COLLECTED DATA:

────────────────────────────────────────

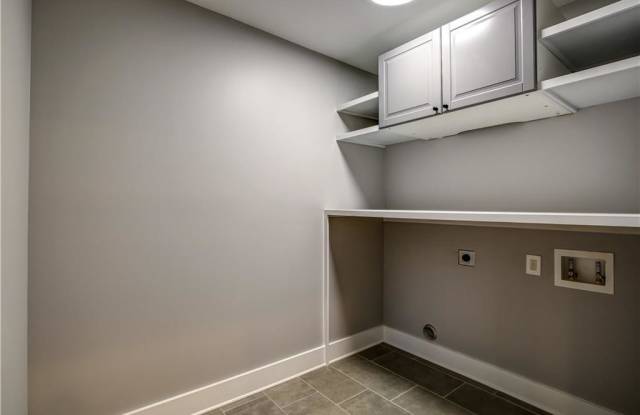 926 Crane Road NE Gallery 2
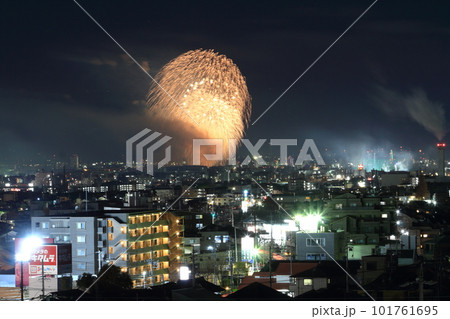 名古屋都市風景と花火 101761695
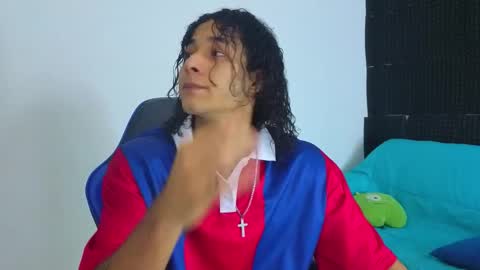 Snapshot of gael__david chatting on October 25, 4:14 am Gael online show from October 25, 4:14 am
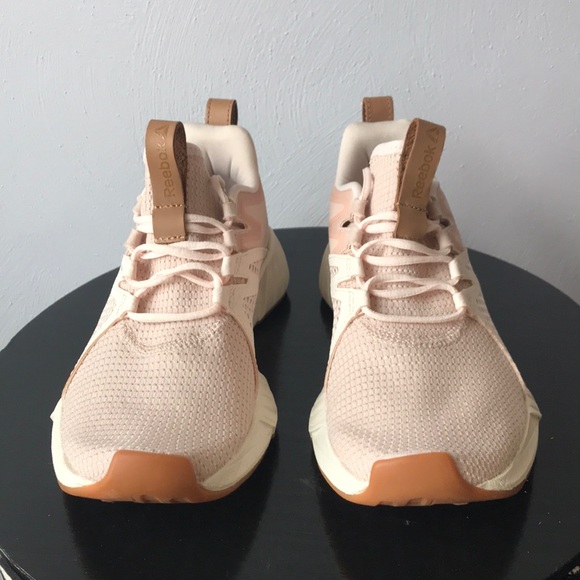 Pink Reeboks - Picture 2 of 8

────────────────────────────────────────

WORK ORDER:
Make an exact reproduction of the listing above, without any pictures.

TASK OUTPUT:
 926 Crane Road NE Gallery 2
 名古屋都市風景と花火 101761695
 Snapshot of gael__david chatting on October 25, 4:14 am Gael online show from October 25, 4:14 am
 Pink Reeboks - Picture 2 of 8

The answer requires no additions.